L’estraneità, il farsi straniere reciprocamente, l’esteriorità all’altro è il respiro che la scrittrice introduce per pensare le relazioni politiche. La conclusione di Virginia Woolf è, dunque, sì, quella di destinare la terza ghinea all’associazione maschile contraria alla guerra, ma senza iscriversi ad essa: «il modo migliore per aiutarvi a prevenire la guerra non è di ripetere le vostre parole e seguire i vostri metodi, ma di trovare nuove parole e inventare nuovi metodi».

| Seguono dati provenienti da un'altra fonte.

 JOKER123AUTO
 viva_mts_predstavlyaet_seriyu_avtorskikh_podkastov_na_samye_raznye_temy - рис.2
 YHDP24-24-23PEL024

Ed è proprio questa la vera missione delle donne in una società per lungo tempo dominata dall’uomo. Non quella di sostituirli nei posti di potere, o di occuparne semplicemente le postazioni professionali, bensì quella di costruire un nuovo “sistema di valori”, di inventare metodi alternativi, persino di usare un linguaggio diverso. La vera emancipazione femminile, per Virginia Woolf, non passa affatto per l’omologazione, ma per la valorizzazione delle differenze, perché, solo con esse, si arricchisce il mondo. Affascinante e quanto mai ancora oggi di grande attualità, quindi, il messaggio della Woolf in tema di pace, ma anche di linguaggio (al femminile), di valori e di giustizia.

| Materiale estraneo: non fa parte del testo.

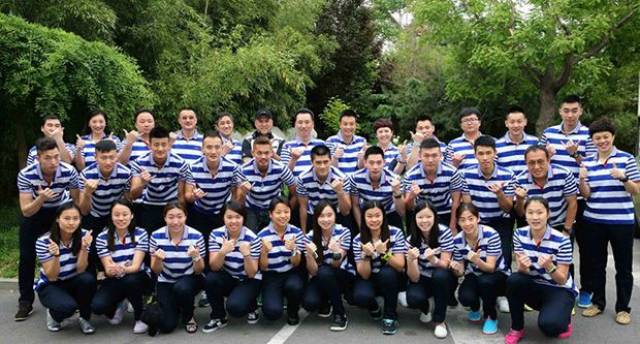 2018年汤姆斯杯&尤伯杯,国羽公布出战大名单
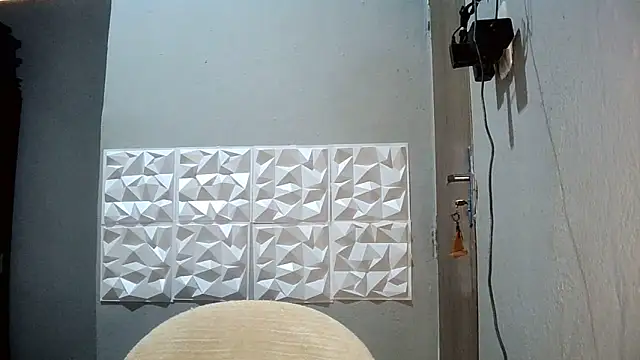AlexiaDuucan online show from May 15, 2026, 1:18 pm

In questa giornata di festa, non possiamo non gettare uno sguardo anche al nostro pianeta Giustizia, e ricordare che le donne sono ancora “giovani” per quanto riguarda l’attività giudiziale.

Il primo concorso aperto alla partecipazione delle donne venne bandito il 3 maggio 1963, sessanta anni fa. Vinsero il concorso otto donne, che entrarono in servizio il 5 aprile di due anni dopo: Letizia De Martino, Ada Lepore, Maria Gabriella Luccioli, Graziana Calcagno Pini, Raffaella D’Antonio, Annunziata Izzo, Giulia De Marco, Emilia Capelli. Dal primo concorso, l’accesso delle donne in magistratura ha registrato dimensioni modeste nel primo periodo, pari ad una media del 4%-5% per ogni concorso, per aumentare progressivamente negli anni ’70 e ’80, fino all’impennata del 58% nel 2009. Al 6.3.2023 i magistrati in servizio (compresi i magistrati in tirocinio) risultano essere 9.534; la distribuzione secondo il genere mostra per l’anno corrente la prevalenza del numero di donne (5.321 pari al 56% circa).

Nella prefazione del libro “Donne Magistrato: comunicazione, linguaggio giuridico e ascolto. Non solo diritto” (Key ed.2021), contenente gli atti dei tre incontri di studio organizzati dal CPO del Consiglio Direttivo della Corte di Cassazione in collaborazione con l’Associazione Donne Magistrato, e con la Giunta ANM Sezione Cassazione, negli anni 2018, 2019 e 2020, avevo concluso affermando che – a mio avviso – il potenziale femminile non si era ancora espresso in tutta la sua diversità. Auspicavo quindi per le giovani donne magistrato un cambio di passo, e non una mera sostituzione nei posti di potere. E aggiungevo che se saranno capaci di rimanere “estranee”, proprio nel senso indicate dalla Woolf, e quindi nuove nel linguaggio e nei valori, con arricchimento della capacità di ascolto e di comunicazione, le magistrate potranno in un prossimo futuro dare certamente un contributo in più, del tutto originale e positivo, all’amministrazione della giustizia. Sotto tale aspetto, potrebbero diventare anche un valido baluardo a derive antiumanistiche e meramente produttivistiche dell’attività giudiziaria.

Migliore augurio credo non sia possibile. A tutte le Donne felice giornata!

(Immagini dal web)

                                                                                                                           


[1]La guerra non ha il volto di donna”, di Svetlana Aleksiev, Premio Nobel per la Letteratura nel 2015, che racconta l’epopea delle donne sovietiche nella seconda guerra mondiale, una guerra narrata dal punto di vista non virile: «Potrò mai trovare parole adatte? Posso raccontare come ho combattuto e sparato, ma raccontare quanto e come ho pianto non posso. Questo resterà non detto. So solo una cosa: in guerra l’uomo si trasforma in un essere spaventoso e oscuro».